What is Zabbix
Zabbix Monitoring solution is a free, open source, scalable, distributed monitoring system. According to their website, they are Enterprise Ready out of the box and able to monitor anything, which is undoubtedly true, but the effort to do so may prove more prohibitive than they let on. Zabbix is used world wide, and developed in many languages for use in nearly any situation where you want to monitor your hardware, software, or embedded solutions.
The heart of it’s distributed power is in the templating system they employ. You create items that are monitored, triggers on those items, actions on those triggers, etc. Each layer can have one or several of the next layer for each entry, meaning things can get really in depth and sprawled out very quickly, if you let it. In actual use, however, the reality is you typically only monitor one item, with a few triggers, and each trigger has only a few actions. The next template is similar, as you can easily apply multiple templates to any target.

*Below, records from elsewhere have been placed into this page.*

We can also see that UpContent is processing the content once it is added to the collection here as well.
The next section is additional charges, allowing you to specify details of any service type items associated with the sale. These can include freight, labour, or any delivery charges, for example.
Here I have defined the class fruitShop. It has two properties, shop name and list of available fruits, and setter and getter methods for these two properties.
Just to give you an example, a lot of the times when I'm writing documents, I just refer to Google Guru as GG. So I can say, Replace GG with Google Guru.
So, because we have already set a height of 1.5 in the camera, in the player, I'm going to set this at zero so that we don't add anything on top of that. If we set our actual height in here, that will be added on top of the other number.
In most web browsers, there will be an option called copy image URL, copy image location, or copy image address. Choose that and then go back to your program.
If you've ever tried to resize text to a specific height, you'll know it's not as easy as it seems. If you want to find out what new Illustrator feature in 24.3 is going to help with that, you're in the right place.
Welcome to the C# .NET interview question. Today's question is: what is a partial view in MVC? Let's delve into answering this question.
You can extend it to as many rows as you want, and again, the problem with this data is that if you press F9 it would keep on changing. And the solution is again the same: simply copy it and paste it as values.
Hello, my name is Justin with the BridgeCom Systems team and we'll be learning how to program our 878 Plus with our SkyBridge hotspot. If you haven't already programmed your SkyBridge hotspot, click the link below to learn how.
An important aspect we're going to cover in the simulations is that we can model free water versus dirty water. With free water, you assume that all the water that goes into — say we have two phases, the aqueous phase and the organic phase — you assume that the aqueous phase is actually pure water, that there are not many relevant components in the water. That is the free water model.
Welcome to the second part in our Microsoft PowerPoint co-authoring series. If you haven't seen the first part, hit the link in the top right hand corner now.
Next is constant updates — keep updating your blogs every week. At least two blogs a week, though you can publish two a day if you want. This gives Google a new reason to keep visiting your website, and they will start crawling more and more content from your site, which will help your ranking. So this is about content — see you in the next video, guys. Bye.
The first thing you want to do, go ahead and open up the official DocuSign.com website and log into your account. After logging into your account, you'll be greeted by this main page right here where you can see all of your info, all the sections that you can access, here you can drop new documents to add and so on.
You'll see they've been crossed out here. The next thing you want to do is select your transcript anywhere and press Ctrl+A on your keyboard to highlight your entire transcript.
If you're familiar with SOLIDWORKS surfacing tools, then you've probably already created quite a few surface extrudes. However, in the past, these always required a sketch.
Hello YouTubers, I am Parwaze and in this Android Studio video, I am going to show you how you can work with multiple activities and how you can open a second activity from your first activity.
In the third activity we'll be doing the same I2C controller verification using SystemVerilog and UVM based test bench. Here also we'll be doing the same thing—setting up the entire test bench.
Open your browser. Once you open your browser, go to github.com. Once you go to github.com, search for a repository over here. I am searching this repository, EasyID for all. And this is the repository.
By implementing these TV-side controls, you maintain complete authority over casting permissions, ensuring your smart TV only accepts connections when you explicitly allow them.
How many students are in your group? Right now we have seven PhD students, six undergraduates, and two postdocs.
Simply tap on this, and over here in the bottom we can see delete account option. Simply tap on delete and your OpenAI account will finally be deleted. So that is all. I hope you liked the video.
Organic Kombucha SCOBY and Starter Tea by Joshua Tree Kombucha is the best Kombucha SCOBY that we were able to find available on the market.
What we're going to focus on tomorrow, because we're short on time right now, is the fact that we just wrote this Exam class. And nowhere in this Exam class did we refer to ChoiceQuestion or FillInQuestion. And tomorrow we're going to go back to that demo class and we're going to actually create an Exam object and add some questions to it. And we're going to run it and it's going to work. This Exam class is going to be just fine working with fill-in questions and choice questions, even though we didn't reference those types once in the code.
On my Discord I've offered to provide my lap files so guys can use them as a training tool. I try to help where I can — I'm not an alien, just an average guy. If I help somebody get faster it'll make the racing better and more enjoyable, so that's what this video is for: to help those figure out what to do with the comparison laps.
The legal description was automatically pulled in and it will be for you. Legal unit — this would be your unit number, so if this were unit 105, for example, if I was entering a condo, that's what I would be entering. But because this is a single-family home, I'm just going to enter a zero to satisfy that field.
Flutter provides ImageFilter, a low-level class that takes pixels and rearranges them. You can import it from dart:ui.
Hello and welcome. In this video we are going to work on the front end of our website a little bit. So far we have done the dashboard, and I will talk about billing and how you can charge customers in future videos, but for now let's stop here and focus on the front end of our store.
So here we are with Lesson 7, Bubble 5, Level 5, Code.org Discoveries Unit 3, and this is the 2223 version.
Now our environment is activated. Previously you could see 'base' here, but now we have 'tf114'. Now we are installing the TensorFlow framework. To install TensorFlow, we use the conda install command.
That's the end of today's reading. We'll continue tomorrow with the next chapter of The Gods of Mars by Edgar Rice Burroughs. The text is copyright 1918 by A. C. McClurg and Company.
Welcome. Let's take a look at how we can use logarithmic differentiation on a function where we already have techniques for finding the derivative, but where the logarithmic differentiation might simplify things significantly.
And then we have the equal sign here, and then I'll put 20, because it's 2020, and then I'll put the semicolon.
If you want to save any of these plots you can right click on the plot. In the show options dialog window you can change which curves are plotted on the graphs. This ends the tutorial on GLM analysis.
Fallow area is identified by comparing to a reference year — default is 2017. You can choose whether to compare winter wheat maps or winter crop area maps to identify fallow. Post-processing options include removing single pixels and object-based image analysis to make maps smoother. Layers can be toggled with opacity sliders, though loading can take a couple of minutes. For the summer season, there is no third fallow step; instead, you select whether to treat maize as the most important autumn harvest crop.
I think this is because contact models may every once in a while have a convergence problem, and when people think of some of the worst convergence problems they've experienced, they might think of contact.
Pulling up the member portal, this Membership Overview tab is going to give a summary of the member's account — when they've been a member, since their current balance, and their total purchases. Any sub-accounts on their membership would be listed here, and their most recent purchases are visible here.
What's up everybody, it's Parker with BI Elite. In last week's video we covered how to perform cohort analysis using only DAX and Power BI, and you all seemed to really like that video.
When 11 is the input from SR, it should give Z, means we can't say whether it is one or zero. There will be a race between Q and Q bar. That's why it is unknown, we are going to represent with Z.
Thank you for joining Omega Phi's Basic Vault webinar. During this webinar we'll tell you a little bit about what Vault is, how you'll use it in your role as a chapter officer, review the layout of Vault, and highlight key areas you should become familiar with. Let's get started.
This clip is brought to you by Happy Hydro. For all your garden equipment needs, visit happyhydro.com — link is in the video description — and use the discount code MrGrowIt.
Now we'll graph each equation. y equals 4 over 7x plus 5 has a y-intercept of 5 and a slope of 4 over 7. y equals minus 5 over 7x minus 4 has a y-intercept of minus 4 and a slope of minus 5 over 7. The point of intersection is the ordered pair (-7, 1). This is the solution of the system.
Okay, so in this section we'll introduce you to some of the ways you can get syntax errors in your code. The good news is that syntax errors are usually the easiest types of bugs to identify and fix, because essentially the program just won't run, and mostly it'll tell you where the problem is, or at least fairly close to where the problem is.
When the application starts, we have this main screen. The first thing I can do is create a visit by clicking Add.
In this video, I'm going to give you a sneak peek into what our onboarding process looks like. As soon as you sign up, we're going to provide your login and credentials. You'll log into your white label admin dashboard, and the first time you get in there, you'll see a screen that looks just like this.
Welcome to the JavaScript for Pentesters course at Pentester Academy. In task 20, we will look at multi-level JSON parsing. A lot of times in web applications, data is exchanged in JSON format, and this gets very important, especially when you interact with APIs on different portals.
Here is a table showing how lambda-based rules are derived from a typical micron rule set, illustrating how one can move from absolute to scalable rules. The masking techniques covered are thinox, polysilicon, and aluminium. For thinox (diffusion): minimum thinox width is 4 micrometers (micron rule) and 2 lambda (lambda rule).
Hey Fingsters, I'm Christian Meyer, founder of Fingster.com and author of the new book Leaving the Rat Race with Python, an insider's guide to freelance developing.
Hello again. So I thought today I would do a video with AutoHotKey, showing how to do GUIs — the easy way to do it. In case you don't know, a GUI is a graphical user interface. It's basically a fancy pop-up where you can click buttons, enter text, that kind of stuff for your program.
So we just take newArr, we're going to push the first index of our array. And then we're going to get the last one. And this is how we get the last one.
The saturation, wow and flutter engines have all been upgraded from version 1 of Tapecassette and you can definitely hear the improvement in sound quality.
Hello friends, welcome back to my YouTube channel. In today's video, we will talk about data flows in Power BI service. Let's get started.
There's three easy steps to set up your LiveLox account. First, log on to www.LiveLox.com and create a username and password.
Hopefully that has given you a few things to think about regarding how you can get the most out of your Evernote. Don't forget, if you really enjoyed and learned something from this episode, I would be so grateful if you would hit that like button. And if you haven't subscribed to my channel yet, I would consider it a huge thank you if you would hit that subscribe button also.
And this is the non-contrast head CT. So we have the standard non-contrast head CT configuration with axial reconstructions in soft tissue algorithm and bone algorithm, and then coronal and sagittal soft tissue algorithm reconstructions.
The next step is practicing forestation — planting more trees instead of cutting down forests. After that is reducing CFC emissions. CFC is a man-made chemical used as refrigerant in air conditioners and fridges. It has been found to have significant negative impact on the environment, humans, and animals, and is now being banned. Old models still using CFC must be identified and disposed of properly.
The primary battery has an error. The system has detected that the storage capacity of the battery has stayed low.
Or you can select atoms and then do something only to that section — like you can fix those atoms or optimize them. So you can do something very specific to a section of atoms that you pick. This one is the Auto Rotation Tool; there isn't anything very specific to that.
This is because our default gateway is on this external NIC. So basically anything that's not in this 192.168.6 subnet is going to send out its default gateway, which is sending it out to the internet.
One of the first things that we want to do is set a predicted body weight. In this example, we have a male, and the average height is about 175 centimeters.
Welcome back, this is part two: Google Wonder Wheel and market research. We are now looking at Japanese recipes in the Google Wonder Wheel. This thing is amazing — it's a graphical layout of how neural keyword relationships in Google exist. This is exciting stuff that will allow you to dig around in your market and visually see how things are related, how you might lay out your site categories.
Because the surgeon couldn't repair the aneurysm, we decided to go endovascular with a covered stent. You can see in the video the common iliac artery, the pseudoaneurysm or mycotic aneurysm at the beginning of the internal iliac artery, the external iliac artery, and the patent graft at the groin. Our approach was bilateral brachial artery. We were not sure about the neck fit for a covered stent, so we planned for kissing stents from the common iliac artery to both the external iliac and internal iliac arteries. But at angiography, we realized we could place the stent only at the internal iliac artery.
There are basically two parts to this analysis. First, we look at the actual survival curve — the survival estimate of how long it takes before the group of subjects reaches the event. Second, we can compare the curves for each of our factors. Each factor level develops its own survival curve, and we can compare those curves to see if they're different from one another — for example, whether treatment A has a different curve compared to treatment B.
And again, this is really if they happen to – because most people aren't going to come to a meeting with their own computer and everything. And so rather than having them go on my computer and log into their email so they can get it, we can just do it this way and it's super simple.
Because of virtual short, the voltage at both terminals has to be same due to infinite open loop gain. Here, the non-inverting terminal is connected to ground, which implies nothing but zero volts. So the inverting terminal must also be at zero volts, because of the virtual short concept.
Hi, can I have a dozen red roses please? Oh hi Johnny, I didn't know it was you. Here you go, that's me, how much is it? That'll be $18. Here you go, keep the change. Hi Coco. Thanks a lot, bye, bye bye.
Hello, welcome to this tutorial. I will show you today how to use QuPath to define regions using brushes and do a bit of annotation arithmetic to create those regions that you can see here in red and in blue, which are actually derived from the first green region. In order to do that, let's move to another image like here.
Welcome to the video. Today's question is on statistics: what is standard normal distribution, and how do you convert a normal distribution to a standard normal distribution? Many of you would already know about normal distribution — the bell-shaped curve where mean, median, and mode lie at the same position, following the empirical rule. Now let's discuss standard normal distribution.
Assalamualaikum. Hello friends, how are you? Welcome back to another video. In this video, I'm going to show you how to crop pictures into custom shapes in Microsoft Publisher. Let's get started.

There is also a template template, if that makes sense. In other words, you can create a template with empty items to use as a template for creating other templates. It is the same idea as a programming interface, where you create the interface to define how to monitor a whole range of things, but you need another template based on the existing template to define the items that are monitored. This is often used around creating graphs for monitors from what I have seen, though there is no reason it couldn’t apply elsewhere, if it makes sense to do so. This templating concept is so core to the understanding and appropriate use of the product, that entire courses on Zabbix focus on nothing else. So do make sure, whatever you do, to understand and internalize the concepts and implementation details based on the templating structure if you intend to use Zabbix as well.
Zabbix Use Case
The rest of this document will navigate my installation and use of Zabbix for my current company. While I have played around with Zabbix previously (as early as the 2.0 release), this is my first serious endeavor with Zabbix, and while I am maintaining my employer’s current pilot based on version 3.4, the observations I am writing here will be in reference to version 4.0 which became generally available on Oct. 1, 2018.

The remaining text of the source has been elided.